In addition to the substandard respiratory care at Extendicare’s Golden Valley Rehabilitation and Care Center, Extendicare’s other Minnesota nursing home facilities have a long history of providing deficient respiratory care. Examples of such substandard care include: - In September 2003, a resident of Extendicare’s ROBBINSDALE REHAB & CARE CENTER was admitted to the hospital in a state of extreme neglect. He was dehydrated and malnourished. His tracheostomy tube had not been changed for a very long time, and could not be suctioned because it was so clogged. As a result of Extendicare’s neglect, the resident was left in a persistent vegetative state,
- In February 2003, a comatose tracheostomy patient died at Extendicare’s ROBBINSDALE REHAB & CARE CENTER when she was left unattended with her alarm turned off. She was discovered not breathing.
- In August 2004, a resident of Extendicare’s ROBBINSDALE REHAB & CARE CENTER was found with her tracheostomy tube uncared for and not suctioned.
- In May 2004, the Minnesota Department of Health determined that the Director of Nurses at Extendicare’s ROSE OF SHARON MANOR had failed to assure that policies and procedures were available on how to administer CPR for residents with tracheostomies.
- In April 2004, a resident at Extendicare’s TREVILLA OF NEW BRIGHTON (now known as HEALTH & REHABILITATION OF NEW BRIGHTON) facility was found to have an excoriated area around his tracheostomy site.

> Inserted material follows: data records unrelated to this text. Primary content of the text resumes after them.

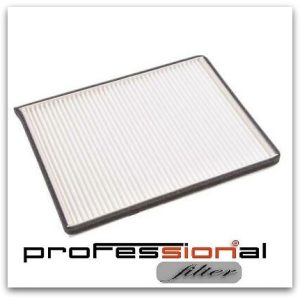 SC5042 POLEN FİLTRESİ NISSAN PRIMERA P11 96> TERRANO 96>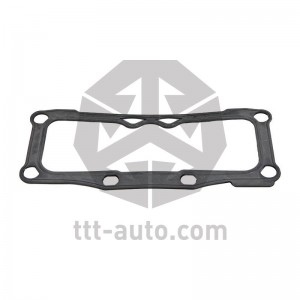 р/к диcк.тормоза! прокладка крышки суппорта\ Elsa2 13462 TTT AUTO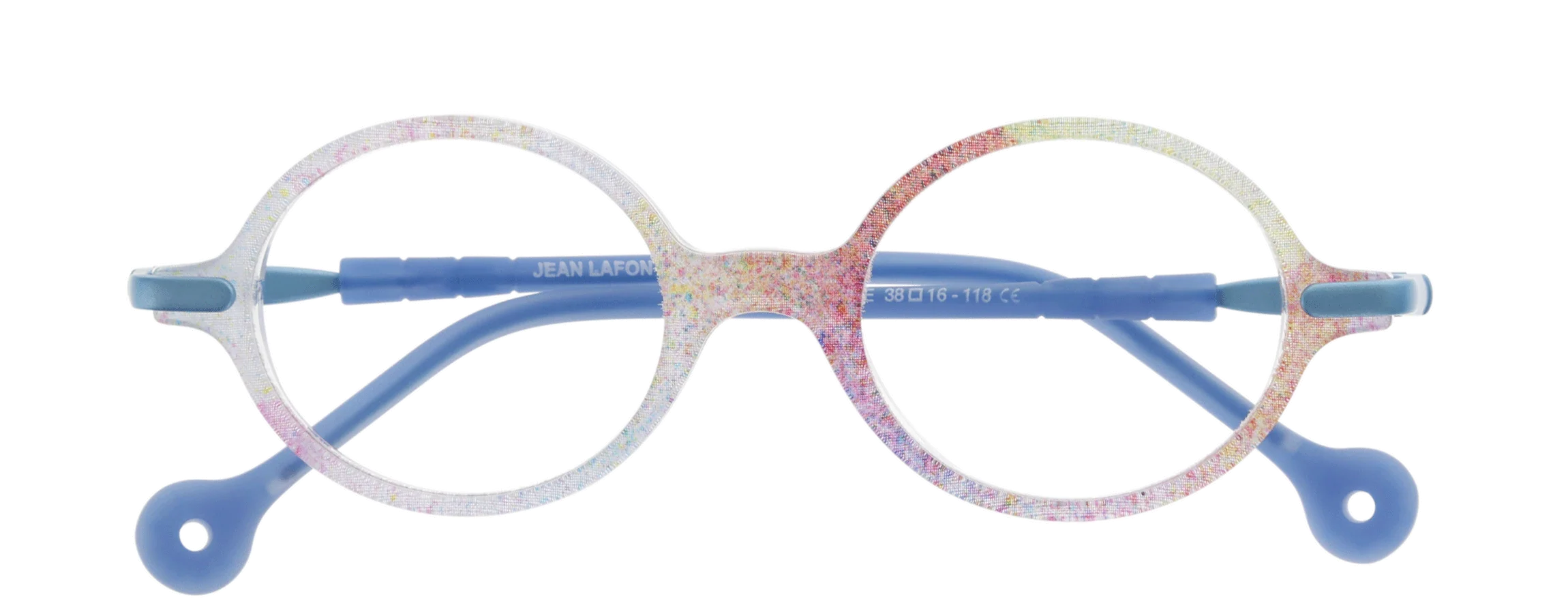 Product image 53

- Extendicare’s TREVILLA OF NEW BRIGHTON facility failed to initiate contact precaution guidelines for residents with tracheostomies. These precautions are a necessary element of infection control at such facilities.

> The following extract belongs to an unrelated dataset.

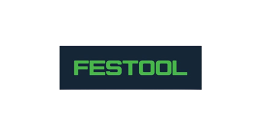 Festool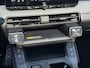 Toyota RAV4 2.5 Plug-in Hybrid AWD 300 GR Sport | Levertijd rond 03/2027 |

- In April 2002, a resident of Extendicare’s RICHFIELD HEALTH CENTER was brought to the emergency room with “green ooze” coming from the stump of an amputated limb. This resident also had fluid in his lungs and was severely dehydrated. The hospital doctor said that the Extendicare’s facility had “really dropped the ball."
- In August 2004, the Minnesota Department of Health found that Extendicare’s RICHFIELD HEALTH CENTER had committed neglect of health care by failing to ensure that a resident was provided supplemental oxygen in accordance with physician’s orders.
- On a July 2004 morning, a resident at Extendicare’s ROBBINSDALE REHAB & CARE CENTER was discovered to have an oxygen saturation level of only 80%. (An acceptable level of oxygen saturation is 90% or better.) Extendicare’s facility failed to follow up on the resident’s respiratory distress. By evening, paramedics had to be summoned for the resident. When the paramedics arrived the resident’s oxygen tank was empty. When the resident reached the hospital, his oxygen saturation had fallen to 70%. Hospital doctors found the resident to have a urinary tract infection, sepsis, and numerous bruises on his body.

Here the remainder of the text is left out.